Marchant Ashleigh, Ball Nick, Witchalls Jeremy, Waddington Gordon, Mulavara Ajitkumar P, Bloomberg Jacob J
Research Institute for Sport and Exercise, University of Canberra, Canberra, ACT, Australia.
KBRWyle, Houston, TX, United States.
Front Physiol. 2020 Apr 17;11:318. doi: 10.3389/fphys.2020.00318. eCollection 2020.
Evaluating countermeasures designed to reduce the impact of microgravity exposure on astronaut performance requires the development of effective methods of assessing changes to sensorimotor function in 1g analog systems. In this study, somatosensation at the ankle and fingers, lower leg muscle activity and visuomotor control were assessed using a full body loading and acute unloading model to simulate microgravity. It was hypothesized that the function of the hands and eyes are not constrained to 'weight bearing' postures for optimal function and would not differ between the loaded and acute unloaded conditions, whereas lower leg muscle activity and ankle somatosensation would be reduced in the acute unloaded condition. Somatosensation was recorded using the Active Movement Extent Discrimination Apparatus (AMEDA) protocol where participants were required to make an absolute judgment of joint position sense. A score closer to 1.0 demonstrates higher accuracy. Lower leg muscle activity was recorded using electromyography of major lower leg musculature to observe peak muscle activity and duration of contraction. The King Devick infrared eye tracking test was used to asses visuomotor control by monitoring saccade velocity and fixation time. In acute unloading, it was found that ankle somatosensation had decreased accuracy (loaded 0.68, unloaded 0.66, = 0.045) while finger somatosensation improved (loaded 0.77, unloaded 0.79, = 0.006). When acutely unloaded, peak lower leg muscle activation reduced ( > 27%) and total contraction time increased (2.02 × longer) compared to loading. Visuomotor assessment results did not vary between the loaded and acute unloaded postures, however the underlying techniques used by the participant to complete the task (saccade velocity and fixations time) did increase in acute unloaded conditions.

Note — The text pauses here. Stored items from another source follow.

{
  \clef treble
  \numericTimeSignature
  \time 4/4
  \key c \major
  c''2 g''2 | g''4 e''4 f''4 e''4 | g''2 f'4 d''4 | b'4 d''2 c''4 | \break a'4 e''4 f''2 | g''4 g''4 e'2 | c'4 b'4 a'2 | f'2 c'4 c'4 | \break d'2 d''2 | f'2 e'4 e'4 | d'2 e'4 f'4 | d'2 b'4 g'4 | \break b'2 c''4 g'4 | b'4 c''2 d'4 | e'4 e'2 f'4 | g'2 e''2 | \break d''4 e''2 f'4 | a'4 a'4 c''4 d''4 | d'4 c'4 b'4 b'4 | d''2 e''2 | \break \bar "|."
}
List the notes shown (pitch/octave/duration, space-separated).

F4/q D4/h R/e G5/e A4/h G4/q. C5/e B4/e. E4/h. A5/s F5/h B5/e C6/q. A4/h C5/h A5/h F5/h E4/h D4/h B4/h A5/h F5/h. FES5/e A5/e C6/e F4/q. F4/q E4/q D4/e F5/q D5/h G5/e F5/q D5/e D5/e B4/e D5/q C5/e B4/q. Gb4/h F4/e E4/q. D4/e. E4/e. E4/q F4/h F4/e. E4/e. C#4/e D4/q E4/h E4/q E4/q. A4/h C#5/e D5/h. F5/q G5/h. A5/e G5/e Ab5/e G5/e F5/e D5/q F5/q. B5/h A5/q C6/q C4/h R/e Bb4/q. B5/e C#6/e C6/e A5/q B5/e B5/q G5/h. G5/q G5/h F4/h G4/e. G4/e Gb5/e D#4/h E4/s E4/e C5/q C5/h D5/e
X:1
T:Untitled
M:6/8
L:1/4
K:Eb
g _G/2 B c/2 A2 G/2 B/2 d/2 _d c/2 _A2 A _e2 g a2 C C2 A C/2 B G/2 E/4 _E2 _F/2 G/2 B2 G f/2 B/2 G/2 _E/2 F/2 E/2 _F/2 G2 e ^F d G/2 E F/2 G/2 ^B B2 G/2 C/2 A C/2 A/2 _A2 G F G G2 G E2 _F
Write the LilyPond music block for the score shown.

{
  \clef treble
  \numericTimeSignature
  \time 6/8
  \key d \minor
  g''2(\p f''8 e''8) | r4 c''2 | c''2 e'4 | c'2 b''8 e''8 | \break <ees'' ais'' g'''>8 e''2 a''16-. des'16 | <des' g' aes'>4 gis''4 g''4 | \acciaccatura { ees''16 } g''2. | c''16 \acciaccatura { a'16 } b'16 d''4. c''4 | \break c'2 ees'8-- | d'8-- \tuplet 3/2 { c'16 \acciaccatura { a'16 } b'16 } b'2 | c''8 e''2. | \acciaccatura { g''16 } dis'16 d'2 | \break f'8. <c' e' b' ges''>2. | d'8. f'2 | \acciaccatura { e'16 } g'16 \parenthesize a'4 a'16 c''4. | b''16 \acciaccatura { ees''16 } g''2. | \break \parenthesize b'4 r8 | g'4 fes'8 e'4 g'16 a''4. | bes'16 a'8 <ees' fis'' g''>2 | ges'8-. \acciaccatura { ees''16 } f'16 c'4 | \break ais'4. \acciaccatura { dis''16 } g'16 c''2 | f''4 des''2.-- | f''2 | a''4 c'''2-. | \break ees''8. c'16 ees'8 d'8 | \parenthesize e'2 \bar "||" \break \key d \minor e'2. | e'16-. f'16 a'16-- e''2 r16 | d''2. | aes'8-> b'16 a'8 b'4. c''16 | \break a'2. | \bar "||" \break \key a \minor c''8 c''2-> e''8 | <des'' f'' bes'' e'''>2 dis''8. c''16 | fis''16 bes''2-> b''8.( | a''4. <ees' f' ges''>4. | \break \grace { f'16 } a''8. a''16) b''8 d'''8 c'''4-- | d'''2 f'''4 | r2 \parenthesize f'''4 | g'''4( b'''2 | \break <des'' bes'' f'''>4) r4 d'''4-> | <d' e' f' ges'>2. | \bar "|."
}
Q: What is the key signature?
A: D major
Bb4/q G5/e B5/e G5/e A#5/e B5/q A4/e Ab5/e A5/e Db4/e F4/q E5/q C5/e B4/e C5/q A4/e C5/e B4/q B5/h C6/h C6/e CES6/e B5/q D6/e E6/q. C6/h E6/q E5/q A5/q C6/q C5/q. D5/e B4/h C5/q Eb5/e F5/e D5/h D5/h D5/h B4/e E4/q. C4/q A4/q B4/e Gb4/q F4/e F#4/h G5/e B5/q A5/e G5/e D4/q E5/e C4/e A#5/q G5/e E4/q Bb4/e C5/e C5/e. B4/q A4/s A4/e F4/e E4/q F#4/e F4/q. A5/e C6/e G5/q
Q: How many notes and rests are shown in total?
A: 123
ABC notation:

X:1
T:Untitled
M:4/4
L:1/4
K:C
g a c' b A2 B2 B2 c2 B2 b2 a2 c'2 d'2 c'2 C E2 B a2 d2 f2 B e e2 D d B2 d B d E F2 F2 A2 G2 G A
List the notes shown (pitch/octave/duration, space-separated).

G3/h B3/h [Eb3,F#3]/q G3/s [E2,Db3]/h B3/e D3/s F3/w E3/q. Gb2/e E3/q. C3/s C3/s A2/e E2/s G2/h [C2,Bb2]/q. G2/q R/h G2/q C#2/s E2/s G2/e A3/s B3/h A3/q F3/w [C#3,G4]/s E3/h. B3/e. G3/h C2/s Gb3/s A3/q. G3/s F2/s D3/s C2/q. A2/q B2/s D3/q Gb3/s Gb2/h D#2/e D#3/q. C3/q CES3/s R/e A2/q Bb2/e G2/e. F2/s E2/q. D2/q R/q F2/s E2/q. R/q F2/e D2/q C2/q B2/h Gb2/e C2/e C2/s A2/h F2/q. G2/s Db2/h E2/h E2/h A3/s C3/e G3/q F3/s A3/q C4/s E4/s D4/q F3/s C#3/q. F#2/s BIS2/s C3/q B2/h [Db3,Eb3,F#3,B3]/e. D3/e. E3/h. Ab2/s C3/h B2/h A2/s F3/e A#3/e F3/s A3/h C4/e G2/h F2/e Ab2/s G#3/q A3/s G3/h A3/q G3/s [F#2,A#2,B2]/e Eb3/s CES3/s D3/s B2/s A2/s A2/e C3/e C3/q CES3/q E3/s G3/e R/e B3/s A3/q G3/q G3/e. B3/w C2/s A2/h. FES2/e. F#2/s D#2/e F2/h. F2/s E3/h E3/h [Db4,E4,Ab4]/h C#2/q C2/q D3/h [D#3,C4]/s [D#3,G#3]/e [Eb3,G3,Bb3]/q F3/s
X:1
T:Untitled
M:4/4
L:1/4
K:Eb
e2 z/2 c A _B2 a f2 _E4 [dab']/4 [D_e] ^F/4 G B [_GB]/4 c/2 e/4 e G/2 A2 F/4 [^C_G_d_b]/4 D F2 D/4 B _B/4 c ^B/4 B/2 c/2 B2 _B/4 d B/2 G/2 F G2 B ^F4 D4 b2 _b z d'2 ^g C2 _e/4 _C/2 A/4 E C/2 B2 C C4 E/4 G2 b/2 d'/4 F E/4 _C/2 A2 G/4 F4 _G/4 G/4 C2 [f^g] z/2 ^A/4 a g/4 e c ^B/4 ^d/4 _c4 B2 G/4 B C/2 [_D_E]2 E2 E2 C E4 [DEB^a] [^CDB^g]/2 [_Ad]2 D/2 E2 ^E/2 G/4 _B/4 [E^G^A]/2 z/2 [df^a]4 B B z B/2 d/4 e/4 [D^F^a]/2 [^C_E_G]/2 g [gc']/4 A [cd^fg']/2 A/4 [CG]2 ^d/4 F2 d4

This research provides an insight to how to the human body responds immediately to acute changes of gravitational load direction. It provides insight to the acute affects' astronauts may encounter when in microgravity.
评估旨在减少微重力暴露对宇航员表现影响的对策,需要开发有效的方法来评估1g模拟系统中感觉运动功能的变化。在本研究中,使用全身加载和急性卸载模型来模拟微重力,评估了脚踝和手指的本体感觉、小腿肌肉活动以及视觉运动控制。研究假设,手和眼的功能并不局限于“负重”姿势以实现最佳功能,并且在加载和急性卸载条件下不会有所不同,而在急性卸载条件下小腿肌肉活动和脚踝本体感觉会降低。使用主动运动范围辨别仪(AMEDA)协议记录本体感觉,参与者需要对关节位置感进行绝对判断。分数越接近1.0表明准确性越高。使用小腿主要肌肉组织的肌电图记录小腿肌肉活动,以观察肌肉活动峰值和收缩持续时间。使用金德维克红外眼动追踪测试通过监测扫视速度和注视时间来评估视觉运动控制。在急性卸载时,发现脚踝本体感觉准确性降低(加载时为0.68,卸载时为0.66,P = 0.045),而手指本体感觉提高(加载时为0.77,卸载时为0.79,P = 0.006)。与加载相比,急性卸载时小腿肌肉激活峰值降低(>27%),总收缩时间增加(延长2.02倍)。视觉运动评估结果在加载和急性卸载姿势之间没有差异,然而参与者完成任务所使用的潜在技术(扫视速度和注视时间)在急性卸载条件下确实有所增加。
本研究为人体如何立即响应重力负荷方向的急性变化提供了见解。它为宇航员在微重力环境中可能遇到的急性影响提供了见解。